The Peter Thomas Sound Orchestra “Chariots of the Gods”

This is the 1974 soundtrack album for the 1970 movie by the same name, which was based on the 1968 book, Chariots of the Gods?—which was an international bestseller that, for years, you used to see wherever you’d see used paperbacks. Roughly, about the theory that extraterrestrials came to Earth in ancient times and influenced our culture (which would explain a lot, especially if they brought along cats). I feel like we might have seen the movie at some point in high school—projected in a classroom in 16mm, which we did occasionally—but I’m not sure. If we did see it, I guess it wasn’t as memorable as Highways of Agony.
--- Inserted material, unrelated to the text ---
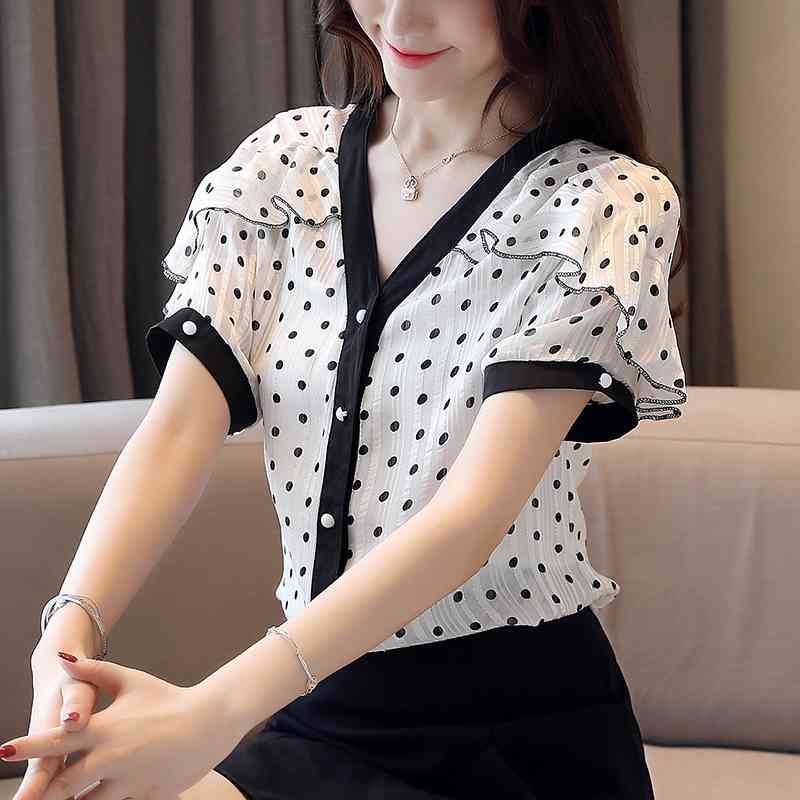blouses woman summer short sleeve women ruffles v-neck dot chiffon top female womens tops and 4941 50 210508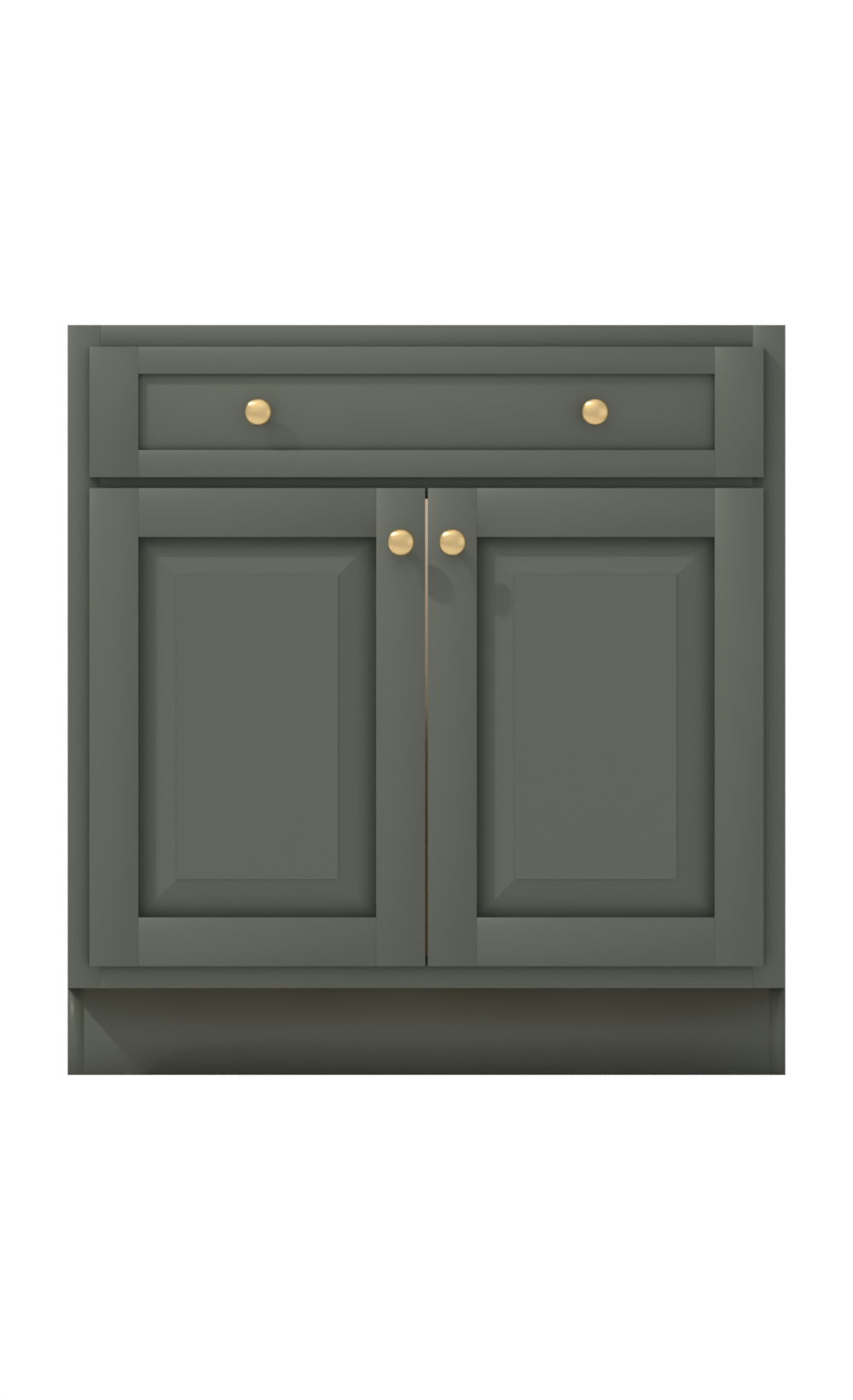 Painted example: Pewter Green SW 6208 (Sherwin-Williams) with brushed brass knobs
But it’s the soundtrack album, by German composer Peter Thomas, that I’m interested in here. On the cover, I believe, are images from the movie poster, with an Easter Island head watching a Saturn rocket take off over the Great Pyramids, etc. It’s got 19 tracks, with titles like “Popular Myth and Destruction of Sodom” and “Rocket Science,” and is somewhat a journey in itself. It’s kind of hard to get a handle on since it’s all over the place, though that probably is a reflection of the movie. Maybe the easiest way for me to come to terms with this record is to go track by track and describe my own movie, based on the feelings each of these compositions conjures in my imagination. For simplicity’s sake I’m not going to name each track, but go by number, and we’ll call the movie: The Chariot of Speen.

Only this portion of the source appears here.